A Europa, em especial, mais concretamente a União Europeia, obriga-nos, obriga todos os povos, a uma reflexão essencial e permanente, o que está longe de acontecer. A Europa é talvez o mais forte motor de mudança que se conhece. Mudará tudo, da civilização material à cultura. Até à alma, poder-se-á dizer. Apesar desta enorme importância, o debate público, motivador de consciência, é quase inexistente. Nem em período de eleições, nem em tempos normais. Os Estados, os poderes públicos e os partidos políticos não querem partilhar com os cidadãos as suas reflexões sobre a Europa, sobre a realidade futura do Estado e da nação, nem sequer sobre as dificuldades do nosso país. A Europa não se discute. A Europa não discute. A Europa não quer ser discutida.

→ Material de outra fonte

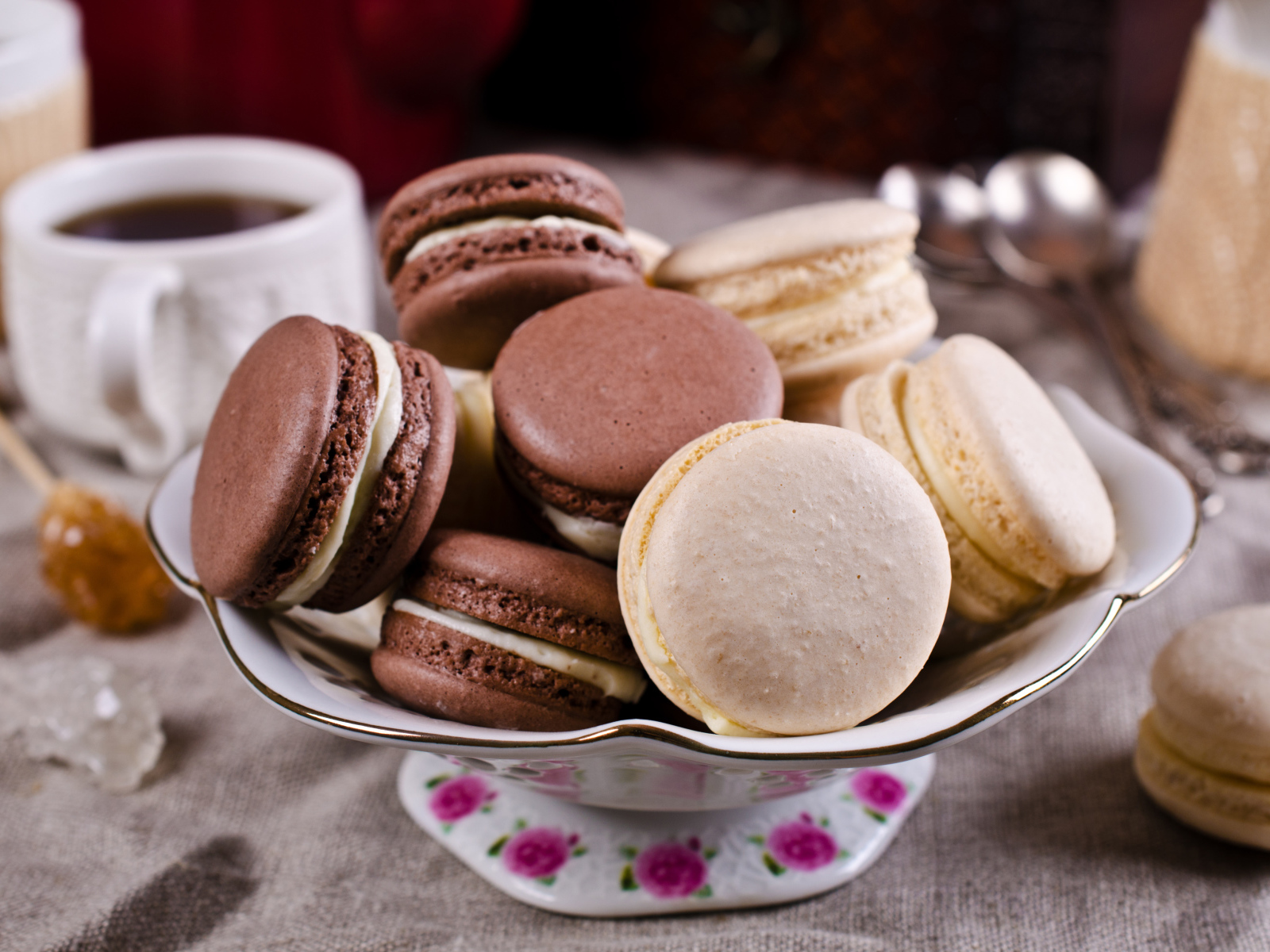 Десерт макарон на столе с чаем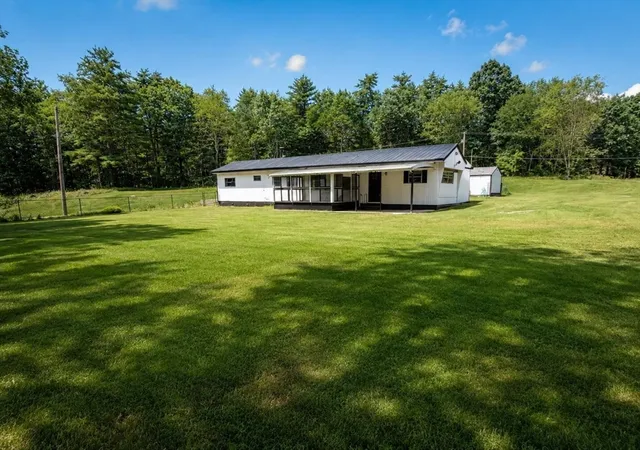 2nd image of 598 600 Old Dana Rd, Barre, MA 01005 | MLS# 73552999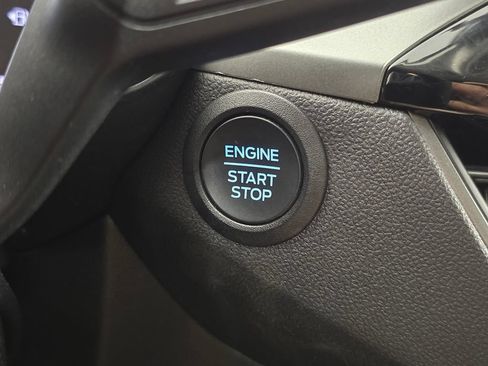 Used 2025 Ford Escape Active AWD/4WD image 32
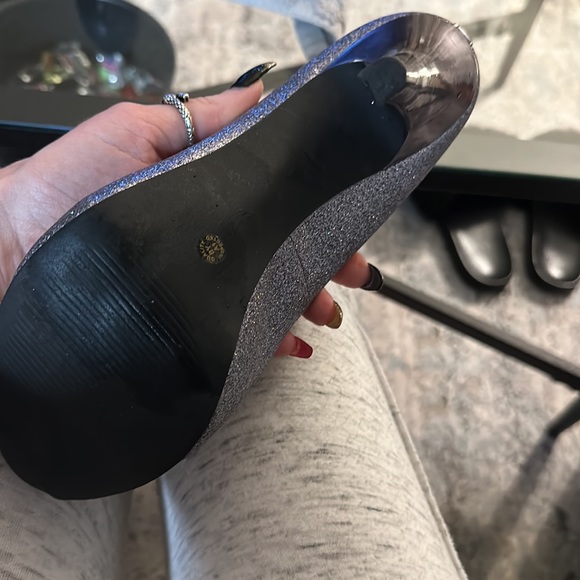 Jacqueline Ferrar glittery silver size 9 - Picture 5 of 6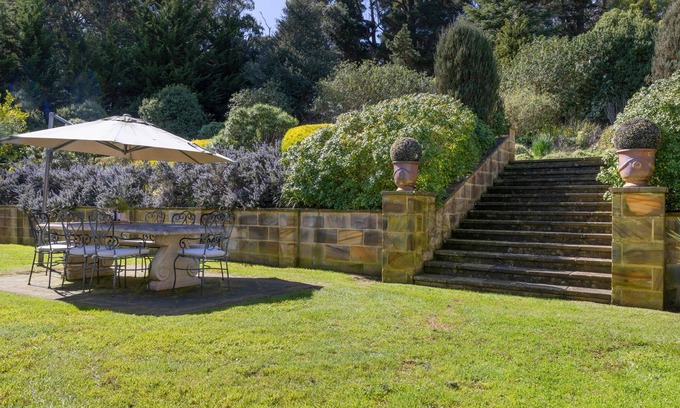 Merricks North House | Sandstone Estate - A Boutique Vineyard Retreat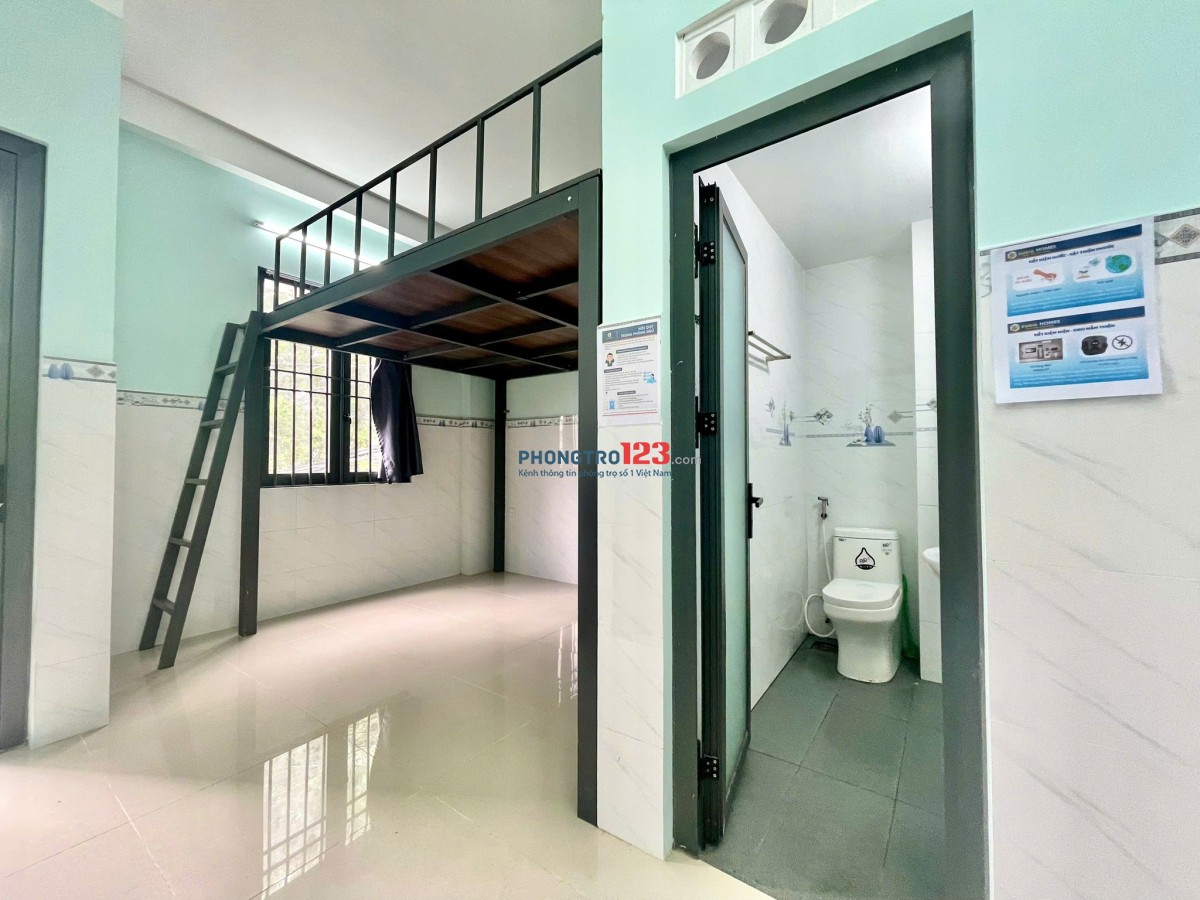 PHÒNG MỚI XÂY CÓ BAN CÔNG NGAY CAO ĐẲNG CÔNG THƯƠNG - GIÁ RẺ LÂN CẬN - ĐANG ƯU ĐÃI MẠNH
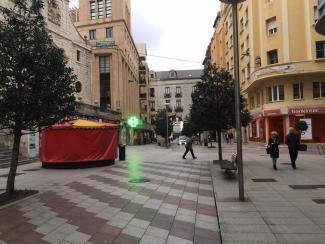 Cruz de farmacia modelo Mara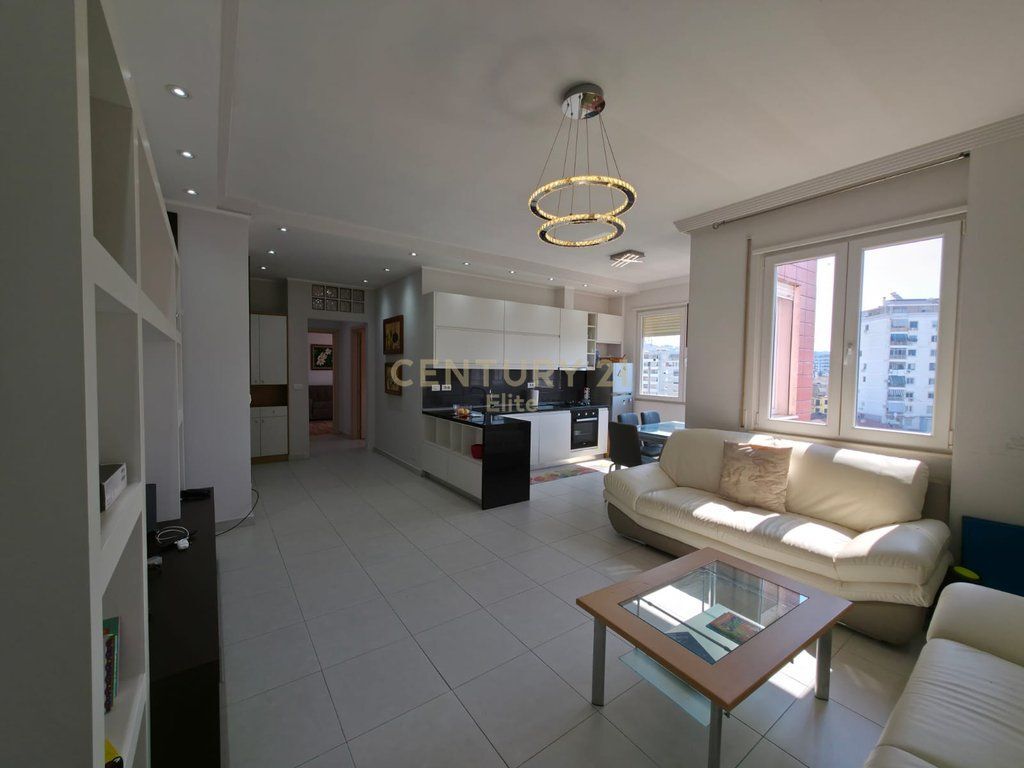 Apartament 2+1 + post parkimi me cmim ekstra me qira tek Tregu Elektrik!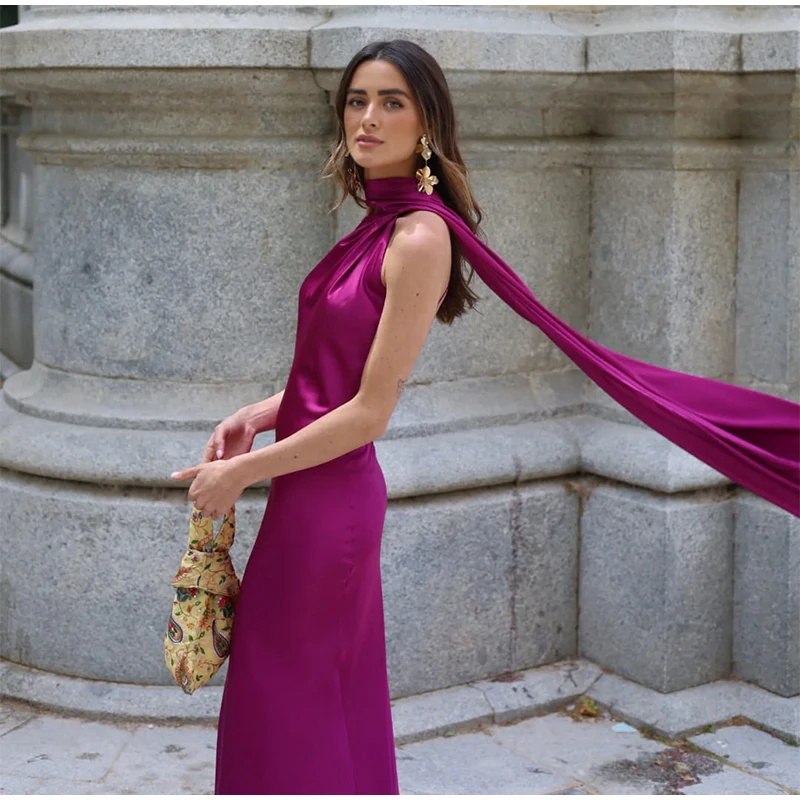 Robe satin dos nu — La sophistication faite robe – Image 54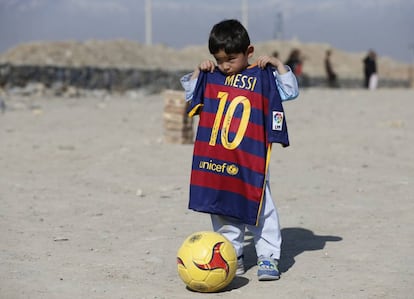 El niño afgano Murtaza Ahmadi, con la camiseta de Messi.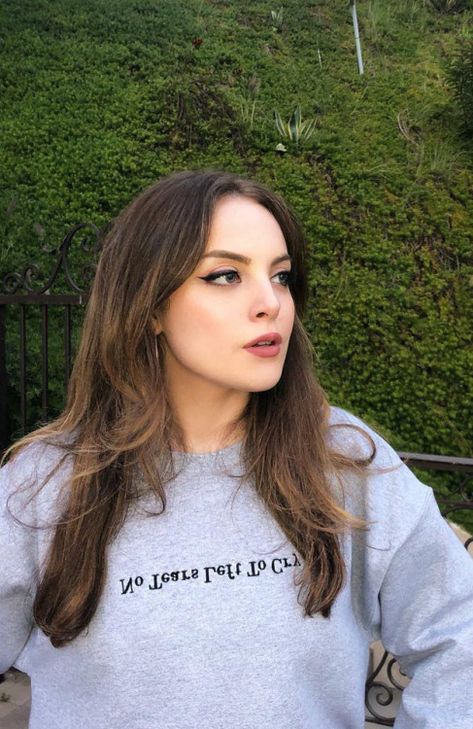 Elizabeth Gillies Liz Gilles, Dynasty Outfits, Queen Liz, Jade West, Liz Gillies, Elizabeth Gillies, Victoria Justice, Girl Crushes, Woman Crush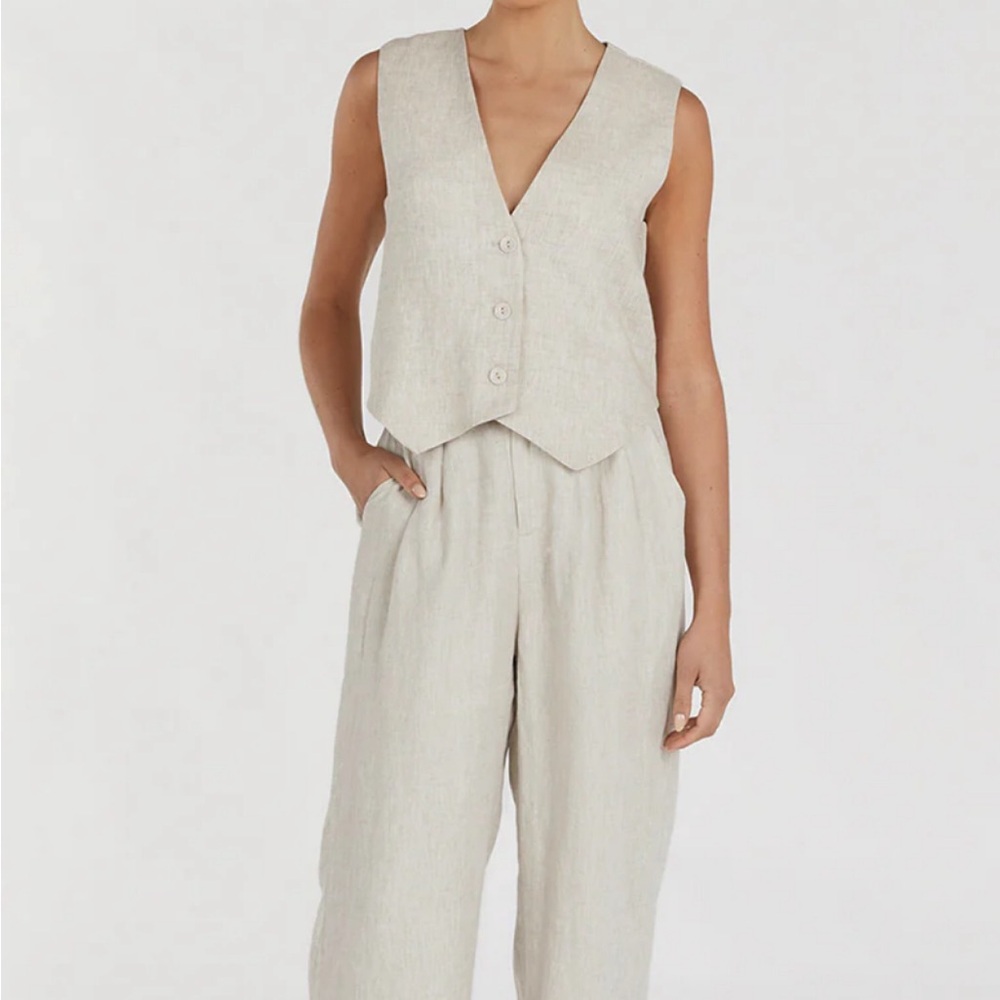 DISSH Vest and trouser Linen Set. WORN ONCE SIZE 2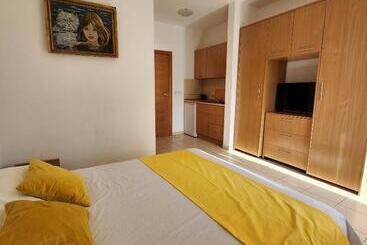 پانسیون Bela Kuća Studio Apartments Na Korak Do Mora A Step To The Sea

Sob o peso de uma identidade forte, os portugueses encontram-se hoje diante da necessidade de se comportar como toda a gente. De considerar que o seu país é como os outros. Os quarenta anos de ditadura não são mais desculpa nem pretexto. Os traços especiais que distinguiam Portugal, a pobreza, o atraso, o analfabetismo e a falta de liberdade, esbateram-se. Ser como os outros pode parecer um programa vil e triste, mas é, em última análise, uma grande ambição. Com uma certeza: apesar de igual aos outros, é o nosso.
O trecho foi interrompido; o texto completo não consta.